JUDGMENT
A.L. Dave, J.
1. The petitioner was detained under the provisions of Prevention of Black Marketing and Maintenance of Supplies of Essential Commodities Act, 1980 (“PBM Act” for short), by virtue of an order passed by the District Magistrate, Ahmedabad, on 26th July, 1999, in exercise of powers under Section 3(2) of the said Act.
2. In the grounds of detention, various allegations have been made against the petitioner involving him in malpractices relating to forging of permits, signatures and securing supply of wheat and rice on basis of such forged documents.
3. The detention order was approved by the State Government on August 6, 1999. A representation was made on September 11, 1999 to the Central Government, which was considered and rejected by the Central Government on September 27, 1999.
4. The petitioner, by this petition under Article 226 of the Constitution, challenges the detention on various grounds. But the main ground is that there is an uncalled for delay in deciding the representation dated 11th September, 1999 and, therefore, the continued detention, thereafter, is bad in law.
5. The respondents have filed affidavits in reply. The state has filed two affidavits, the District Magistrate has filed two affidavits and one affidavit is filed on behalf of Government of India.

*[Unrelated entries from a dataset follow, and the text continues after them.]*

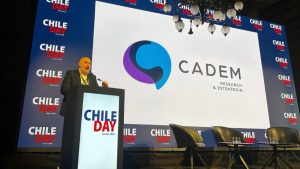 El millonario contrato de Hacienda con Cadem para medir la satisfacción de los usuarios del Estado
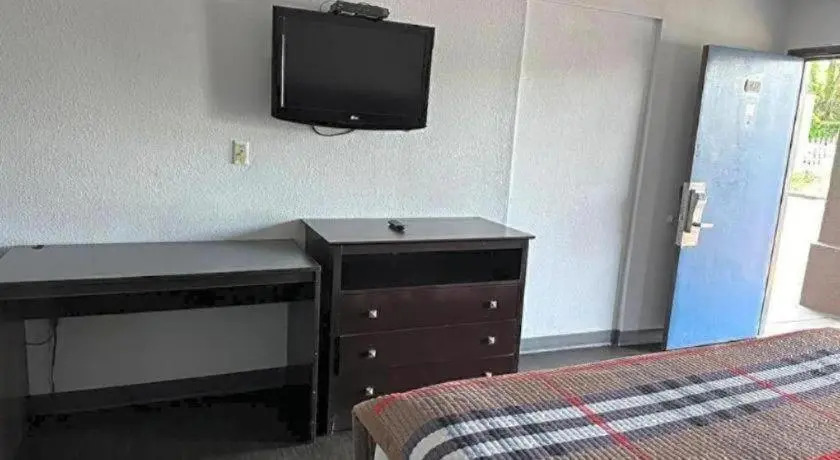 DELUXE INN augusta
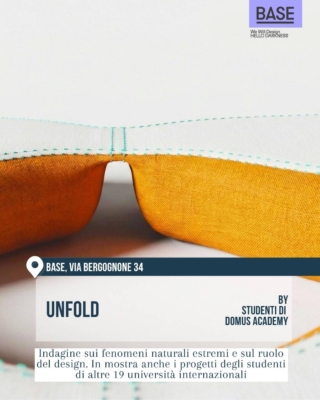 Installazione “Unfold” alla BASE Milano, in via Bergognone 34, durante il Fuorisalone 2026 della Milano Design Week. Primo piano di superfici tessili piegate nei toni del bianco e del giallo senape, con cuciture a vista azzurre. Il progetto dei Domus Academy indaga i fenomeni naturali estremi e il ruolo del design.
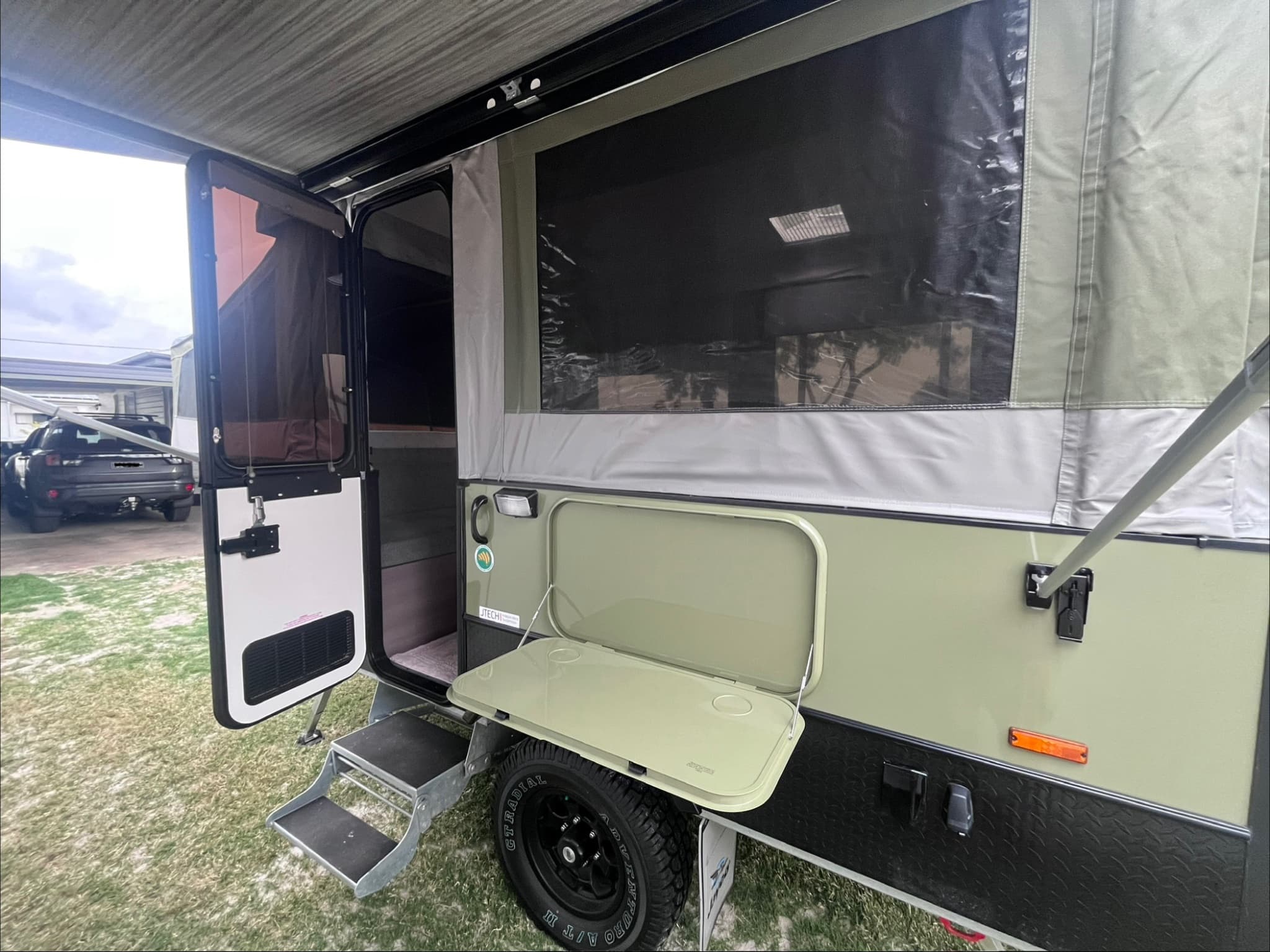 2024 Jayco Lark outback — photo 2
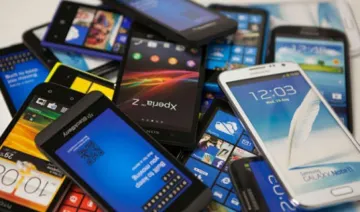 ब्लैक फ्राइडे के दिन स्मार्टफोन की हुई रिकॉर्ड बिक्री, लोगों ने ऑनलाइन नहीं ऑफलाइन खरीदारी को दी तरजीह- India TV Paisa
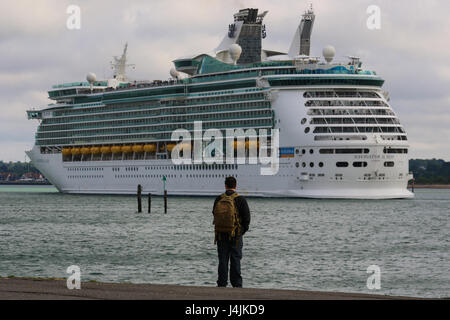 Une personne regarde sur à Royal Caribbean's MS Navigator of the Seas quitte le port de Southampton. Banque D'Images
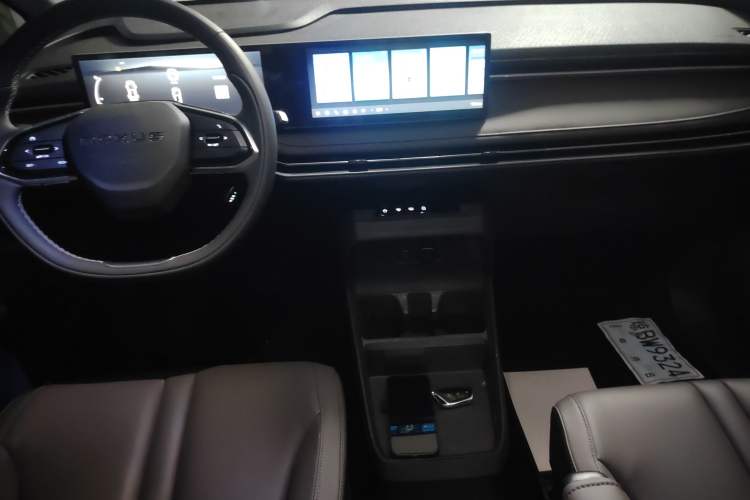 Used SAIC MAXUS Dajia 7 2024 Revised Version Super Hybrid Long-Range Edition Enjoyment Version Gear Lever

6. Ms. Patel, learned advocate appearing for the petitioner, submitted that by virtue of sub-section (4) of Section 3, the State Government was supposed to make a report to the Central Government within seven days of the date of approval, i.e. August 6, 1999. The representation was made on 11th September, 1999, which was received on 13th September, 1999, as per affidavit filed on behalf of the Central Government. By virtue of provisions of sub-section (4) of Section 3, it can reasonably be expected that the Central Government had a report of the State Government within seven days from the date of approval, i.e. 6th August, 1999. Ms. Patel, therefore, submitted that there was no need for the Central Government to call for parawise remarks from the State Government and, therefore, the delay that is caused in considering the representation, would vitiate the continued detention. Another fold of her argument is that the affidavit in reply filed by he Central Government does not indicate as to whether it was the authorised person who had called for the parawise remarks. If it was not the person authorised to consider the representation, then calling of the parawise remarks would indicate non-application of mind in calling of the remarks in a mechanical manner which resulted in delay in consideration of representation and, therefore also, the order would be vitiated. In support of her arguments, she has pressed into service the decision of the Apex Court in the case of R. Bhavsani v. Union of India and Another (1999) 4 SCC 415. Ms. Patel, therefore, submitted that the respondents have not explained either of the two situations in the affidavit in reply. The delay in considering the representation would vitiate the detention and the petition may, therefore, be allowed.
7. Mr. Joshi, learned Assistant Government Pleader appearing for respondents No. 1, 3 and 4, submitted that, if the affidavits in reply filed by the detaining authority as well as on behalf of the State Government are considered, it is clear that there is no delay caused in passing of the order of detention or in making the report to the Central Government and, therefore, the petition may be dismissed.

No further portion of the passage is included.